PragerU’s latest video features Will Bruhn, co-founder of Restoring Medicine, a grassroots movement of doctors, nurses, students, business leaders, and everyday citizens from across the United States that are demanding a more honest and fair health care system. The key to bringing down the soaring costs of health care, Bruhn contends, is price transparency.
Bruhn begins by highlighting how prices for the same procedure can differ wildly by hospital or provider. When “researchers compared prices amongst 53 hospitals for a standard heart procedure,” not only did they find a “10-fold difference in price for the same procedure across hospitals, ranging from $44,000 dollars to $448,000 dollars,” but also that there was “no correlation between higher prices and better quality of care.” This is not an isolated incident, given that “other studies have shown there can be up to a 39-fold variation in price for a simple blood test across medical centers in the same metro area,” he adds.
The issue, Bruhn argues, is that “we have no idea how much we’re paying for healthcare services,” and that when it comes to medical procedures, consumers are unable to “shop” for a satisfactory price in the same way as airline travel.
“Imagine if the airlines didn’t post prices,” Bruhn asks. Instead of knowing the price in advance, you will be billed after your flight because the airlines “don’t know what the cost of fuel will be that day.” This, Bruhn says, is “precisely what we are dealing with in American healthcare.”
Continuing, Bruhn states that the reason you don’t know how much a procedure or treatment costs prior to being treated is because medical billing is “a ridiculously complex dance between hospitals, insurance companies and various middlemen.” Not only do private agreements and “secret deals” determine the price, “medical costs are skyrocketing” for patients, meaning that “Americans are having more and more trouble paying the bill,” with nearly 20% of Americans in some form of medical debt.
Those who have insurance through their employers, Bruhn warns, also aren’t safe, with wage increases failing to keep up with employee contributions to healthcare premiums. The result? “That salary increase you so richly deserved was eaten up by the increased insurance premium you had to pay.”
What makes matters worse, according to Bruhn, is that “the ever-increasing cost of medical care” is not “reflected in the quality of the care you were getting,” with “little or no correlation between what you pay and what you get.” This raises the obvious question,: “How do we get out of this mess?”
“A big part of the answer,” Bruhn says, “is price transparency, something almost every American wants,” with “almost 9 out of 10 Americans say they favor price transparency for medical services.”
Bruhn argues that this makes perfect sense, since Americans don’t have access to either of the two factors which ensure that they have the proper information to make an informed decision: price and the quality of a good or service. Not only that, since “60% of healthcare is shoppable,” such services present opportunity for competition.

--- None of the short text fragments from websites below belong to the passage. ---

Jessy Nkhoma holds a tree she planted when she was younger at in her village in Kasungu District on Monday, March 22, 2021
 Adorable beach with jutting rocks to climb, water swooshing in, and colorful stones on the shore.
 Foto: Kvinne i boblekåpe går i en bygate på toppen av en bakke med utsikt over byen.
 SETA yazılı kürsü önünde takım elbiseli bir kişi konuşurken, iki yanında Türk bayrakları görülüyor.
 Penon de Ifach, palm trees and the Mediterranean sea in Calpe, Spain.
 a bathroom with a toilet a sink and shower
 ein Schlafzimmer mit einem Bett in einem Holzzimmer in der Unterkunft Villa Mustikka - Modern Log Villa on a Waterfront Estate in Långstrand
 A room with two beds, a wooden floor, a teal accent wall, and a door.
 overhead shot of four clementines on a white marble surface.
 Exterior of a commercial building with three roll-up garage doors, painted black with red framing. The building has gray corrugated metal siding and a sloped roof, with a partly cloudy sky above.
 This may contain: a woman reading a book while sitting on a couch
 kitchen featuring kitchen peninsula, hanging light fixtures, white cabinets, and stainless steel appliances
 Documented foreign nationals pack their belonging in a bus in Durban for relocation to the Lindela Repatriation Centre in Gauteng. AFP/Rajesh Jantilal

Bruhn also states that the benefits wouldn’t end there. Citing an estimated annual wastage of $760 billion in the US healthcare system due to “administrative complexities,” transparent upfront prices would allow medical centers to “cut a significant portion of their administrative staff that’s now involved in billing and debt collection.”
“Furthermore,” Bruhn continues, “if pricing was transparent, Americans could actually start pushing the market towards rewarding those who offer a fair and honest price, and pushing out the bad actors.”
Ultimately, more Americans would have access to healthcare.
Concluding, Bruhn argues that “we don’t need the government to take over our health care.” Instead, “we need the government to get out of the way.” Pointing to procedures like laser eye surgery, MRI testing and plastic surgery as positive examples, Bruhn says we should “let entrepreneurs innovate in the healthcare space,” since when they do, “prices go down and quality goes up.”
“Price transparency not only lowers costs, but it puts the patient back in the center of what medicine is all about: helping those in a time of need,” Bruhn concludes.